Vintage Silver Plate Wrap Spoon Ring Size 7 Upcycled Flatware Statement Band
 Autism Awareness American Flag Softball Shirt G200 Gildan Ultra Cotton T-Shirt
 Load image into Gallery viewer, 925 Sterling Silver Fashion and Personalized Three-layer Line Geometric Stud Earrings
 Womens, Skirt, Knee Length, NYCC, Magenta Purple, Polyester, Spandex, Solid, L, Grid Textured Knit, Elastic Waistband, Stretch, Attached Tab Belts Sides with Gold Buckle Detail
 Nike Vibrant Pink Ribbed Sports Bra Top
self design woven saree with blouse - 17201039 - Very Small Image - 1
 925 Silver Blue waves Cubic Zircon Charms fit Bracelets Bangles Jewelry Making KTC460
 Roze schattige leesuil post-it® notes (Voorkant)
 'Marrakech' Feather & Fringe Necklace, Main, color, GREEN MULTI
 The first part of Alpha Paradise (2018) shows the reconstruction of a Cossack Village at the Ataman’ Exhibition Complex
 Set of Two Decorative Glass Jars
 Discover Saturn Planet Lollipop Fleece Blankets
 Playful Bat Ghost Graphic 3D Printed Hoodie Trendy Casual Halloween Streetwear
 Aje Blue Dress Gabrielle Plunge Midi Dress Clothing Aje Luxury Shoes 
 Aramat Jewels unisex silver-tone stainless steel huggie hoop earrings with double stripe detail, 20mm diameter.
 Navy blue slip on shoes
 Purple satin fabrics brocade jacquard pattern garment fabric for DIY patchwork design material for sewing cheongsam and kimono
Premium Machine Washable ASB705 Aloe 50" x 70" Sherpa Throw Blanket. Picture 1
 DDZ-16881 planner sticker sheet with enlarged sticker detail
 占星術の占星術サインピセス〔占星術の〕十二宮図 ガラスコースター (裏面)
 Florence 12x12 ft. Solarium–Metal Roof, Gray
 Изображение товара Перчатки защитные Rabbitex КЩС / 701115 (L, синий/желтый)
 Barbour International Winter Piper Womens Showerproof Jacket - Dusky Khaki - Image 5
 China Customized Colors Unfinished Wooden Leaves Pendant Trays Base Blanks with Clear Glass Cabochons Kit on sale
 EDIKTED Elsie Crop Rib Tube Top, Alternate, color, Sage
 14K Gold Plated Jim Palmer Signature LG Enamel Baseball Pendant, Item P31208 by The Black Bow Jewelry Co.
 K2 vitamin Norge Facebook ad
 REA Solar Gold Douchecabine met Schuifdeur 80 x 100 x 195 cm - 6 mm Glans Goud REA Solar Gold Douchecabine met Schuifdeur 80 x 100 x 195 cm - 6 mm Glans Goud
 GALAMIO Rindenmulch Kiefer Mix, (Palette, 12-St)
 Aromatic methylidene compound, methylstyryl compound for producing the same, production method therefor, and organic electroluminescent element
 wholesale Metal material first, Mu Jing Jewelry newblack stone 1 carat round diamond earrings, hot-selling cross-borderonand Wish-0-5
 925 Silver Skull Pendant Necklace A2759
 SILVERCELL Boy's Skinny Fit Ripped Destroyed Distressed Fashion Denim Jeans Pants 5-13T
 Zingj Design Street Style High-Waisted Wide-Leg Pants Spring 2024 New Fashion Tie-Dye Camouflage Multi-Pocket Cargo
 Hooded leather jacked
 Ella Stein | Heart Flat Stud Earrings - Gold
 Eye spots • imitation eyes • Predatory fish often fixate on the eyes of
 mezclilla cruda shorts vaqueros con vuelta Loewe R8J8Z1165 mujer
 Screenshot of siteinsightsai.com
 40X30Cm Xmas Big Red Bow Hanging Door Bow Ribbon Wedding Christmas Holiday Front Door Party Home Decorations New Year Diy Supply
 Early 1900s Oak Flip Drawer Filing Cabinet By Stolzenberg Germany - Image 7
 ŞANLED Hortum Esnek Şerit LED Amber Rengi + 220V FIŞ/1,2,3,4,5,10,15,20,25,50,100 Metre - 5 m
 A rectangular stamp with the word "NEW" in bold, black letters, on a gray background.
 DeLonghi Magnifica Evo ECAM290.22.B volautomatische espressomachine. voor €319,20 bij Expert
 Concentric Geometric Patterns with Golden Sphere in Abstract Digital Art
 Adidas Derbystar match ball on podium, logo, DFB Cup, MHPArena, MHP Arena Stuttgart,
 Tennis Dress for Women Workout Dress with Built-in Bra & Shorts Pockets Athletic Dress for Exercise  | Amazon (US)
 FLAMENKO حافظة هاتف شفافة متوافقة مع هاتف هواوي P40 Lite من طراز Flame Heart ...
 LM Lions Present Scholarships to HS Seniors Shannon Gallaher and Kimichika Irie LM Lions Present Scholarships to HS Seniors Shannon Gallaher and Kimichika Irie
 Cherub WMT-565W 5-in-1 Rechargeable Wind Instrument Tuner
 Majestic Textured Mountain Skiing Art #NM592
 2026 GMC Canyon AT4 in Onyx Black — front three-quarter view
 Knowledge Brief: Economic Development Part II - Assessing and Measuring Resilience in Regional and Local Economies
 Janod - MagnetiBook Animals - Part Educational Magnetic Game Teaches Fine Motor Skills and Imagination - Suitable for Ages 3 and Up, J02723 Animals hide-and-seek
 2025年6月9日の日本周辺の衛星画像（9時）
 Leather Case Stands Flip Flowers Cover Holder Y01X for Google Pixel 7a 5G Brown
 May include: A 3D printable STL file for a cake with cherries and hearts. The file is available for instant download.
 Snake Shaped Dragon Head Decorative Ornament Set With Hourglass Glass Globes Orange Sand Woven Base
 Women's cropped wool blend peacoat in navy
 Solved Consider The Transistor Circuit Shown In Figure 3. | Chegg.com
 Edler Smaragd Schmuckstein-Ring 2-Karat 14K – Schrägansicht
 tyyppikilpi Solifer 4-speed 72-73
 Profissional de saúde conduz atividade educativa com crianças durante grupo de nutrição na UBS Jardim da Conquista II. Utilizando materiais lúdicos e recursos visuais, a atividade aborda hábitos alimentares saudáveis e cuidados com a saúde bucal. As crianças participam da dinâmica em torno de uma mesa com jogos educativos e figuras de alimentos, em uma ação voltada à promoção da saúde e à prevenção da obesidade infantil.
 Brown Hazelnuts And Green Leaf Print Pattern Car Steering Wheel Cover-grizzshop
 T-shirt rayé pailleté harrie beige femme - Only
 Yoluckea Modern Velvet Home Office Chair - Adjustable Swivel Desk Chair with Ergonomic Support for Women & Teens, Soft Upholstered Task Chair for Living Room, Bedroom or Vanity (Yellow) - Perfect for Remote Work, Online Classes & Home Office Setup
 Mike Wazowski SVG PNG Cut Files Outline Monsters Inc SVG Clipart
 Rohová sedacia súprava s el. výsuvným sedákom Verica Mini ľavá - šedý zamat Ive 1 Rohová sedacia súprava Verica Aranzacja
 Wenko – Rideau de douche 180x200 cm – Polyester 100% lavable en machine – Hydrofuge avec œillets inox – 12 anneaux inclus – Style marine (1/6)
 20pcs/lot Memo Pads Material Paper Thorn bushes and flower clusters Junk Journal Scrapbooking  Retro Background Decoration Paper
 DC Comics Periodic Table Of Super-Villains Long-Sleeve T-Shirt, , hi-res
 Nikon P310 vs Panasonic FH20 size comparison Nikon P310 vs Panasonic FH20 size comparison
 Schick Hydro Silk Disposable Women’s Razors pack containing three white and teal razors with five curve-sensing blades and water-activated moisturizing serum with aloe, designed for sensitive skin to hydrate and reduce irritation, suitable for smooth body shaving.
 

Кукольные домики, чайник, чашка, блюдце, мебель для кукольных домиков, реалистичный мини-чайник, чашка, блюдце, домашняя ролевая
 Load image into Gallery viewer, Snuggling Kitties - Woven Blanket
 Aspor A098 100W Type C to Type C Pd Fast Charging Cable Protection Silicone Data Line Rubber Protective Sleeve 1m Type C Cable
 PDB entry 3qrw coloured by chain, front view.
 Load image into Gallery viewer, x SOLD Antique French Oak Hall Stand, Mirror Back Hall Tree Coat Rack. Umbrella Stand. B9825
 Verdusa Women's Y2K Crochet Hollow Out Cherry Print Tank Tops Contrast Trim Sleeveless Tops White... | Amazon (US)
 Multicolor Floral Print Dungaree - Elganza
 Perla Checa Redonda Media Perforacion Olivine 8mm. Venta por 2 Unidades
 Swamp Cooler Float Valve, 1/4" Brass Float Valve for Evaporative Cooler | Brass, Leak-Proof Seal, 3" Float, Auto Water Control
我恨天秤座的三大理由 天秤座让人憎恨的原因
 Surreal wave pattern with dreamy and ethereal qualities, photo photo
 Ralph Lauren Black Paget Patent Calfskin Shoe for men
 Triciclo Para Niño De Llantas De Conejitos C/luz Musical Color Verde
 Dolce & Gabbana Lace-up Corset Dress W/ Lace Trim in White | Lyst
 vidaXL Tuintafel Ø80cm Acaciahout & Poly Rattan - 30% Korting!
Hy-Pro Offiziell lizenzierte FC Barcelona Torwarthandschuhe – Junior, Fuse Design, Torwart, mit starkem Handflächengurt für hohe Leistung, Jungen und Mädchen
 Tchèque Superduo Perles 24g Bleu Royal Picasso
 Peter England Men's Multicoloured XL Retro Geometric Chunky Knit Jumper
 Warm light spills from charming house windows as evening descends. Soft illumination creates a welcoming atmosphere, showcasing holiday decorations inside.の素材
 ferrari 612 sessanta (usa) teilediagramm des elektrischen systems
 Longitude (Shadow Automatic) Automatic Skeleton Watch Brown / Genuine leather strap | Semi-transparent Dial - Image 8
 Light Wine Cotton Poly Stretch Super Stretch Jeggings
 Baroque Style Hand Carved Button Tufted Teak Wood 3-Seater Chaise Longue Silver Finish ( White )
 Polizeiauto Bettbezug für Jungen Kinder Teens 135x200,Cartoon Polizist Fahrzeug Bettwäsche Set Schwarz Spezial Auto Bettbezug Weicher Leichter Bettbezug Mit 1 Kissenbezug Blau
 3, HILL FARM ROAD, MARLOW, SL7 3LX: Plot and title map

(Problem)
The stretch of entries above that starts with the line containing "Eye spots •" and goes on through the line containing "2025年6月9日の日本周辺の衛星画像（9時）" is to be transcribed exactly, and no other line is to be transcribed.

(Expected output)
 Eye spots • imitation eyes • Predatory fish often fixate on the eyes of
 mezclilla cruda shorts vaqueros con vuelta Loewe R8J8Z1165 mujer
 Screenshot of siteinsightsai.com
 40X30Cm Xmas Big Red Bow Hanging Door Bow Ribbon Wedding Christmas Holiday Front Door Party Home Decorations New Year Diy Supply
 Early 1900s Oak Flip Drawer Filing Cabinet By Stolzenberg Germany - Image 7
 ŞANLED Hortum Esnek Şerit LED Amber Rengi + 220V FIŞ/1,2,3,4,5,10,15,20,25,50,100 Metre - 5 m
 A rectangular stamp with the word "NEW" in bold, black letters, on a gray background.
 DeLonghi Magnifica Evo ECAM290.22.B volautomatische espressomachine. voor €319,20 bij Expert
 Concentric Geometric Patterns with Golden Sphere in Abstract Digital Art
 Adidas Derbystar match ball on podium, logo, DFB Cup, MHPArena, MHP Arena Stuttgart,
 Tennis Dress for Women Workout Dress with Built-in Bra & Shorts Pockets Athletic Dress for Exercise  | Amazon (US)
 FLAMENKO حافظة هاتف شفافة متوافقة مع هاتف هواوي P40 Lite من طراز Flame Heart ...
 LM Lions Present Scholarships to HS Seniors Shannon Gallaher and Kimichika Irie LM Lions Present Scholarships to HS Seniors Shannon Gallaher and Kimichika Irie
 Cherub WMT-565W 5-in-1 Rechargeable Wind Instrument Tuner
 Majestic Textured Mountain Skiing Art #NM592
 2026 GMC Canyon AT4 in Onyx Black — front three-quarter view
 Knowledge Brief: Economic Development Part II - Assessing and Measuring Resilience in Regional and Local Economies
 Janod - MagnetiBook Animals - Part Educational Magnetic Game Teaches Fine Motor Skills and Imagination - Suitable for Ages 3 and Up, J02723 Animals hide-and-seek
 2025年6月9日の日本周辺の衛星画像（9時）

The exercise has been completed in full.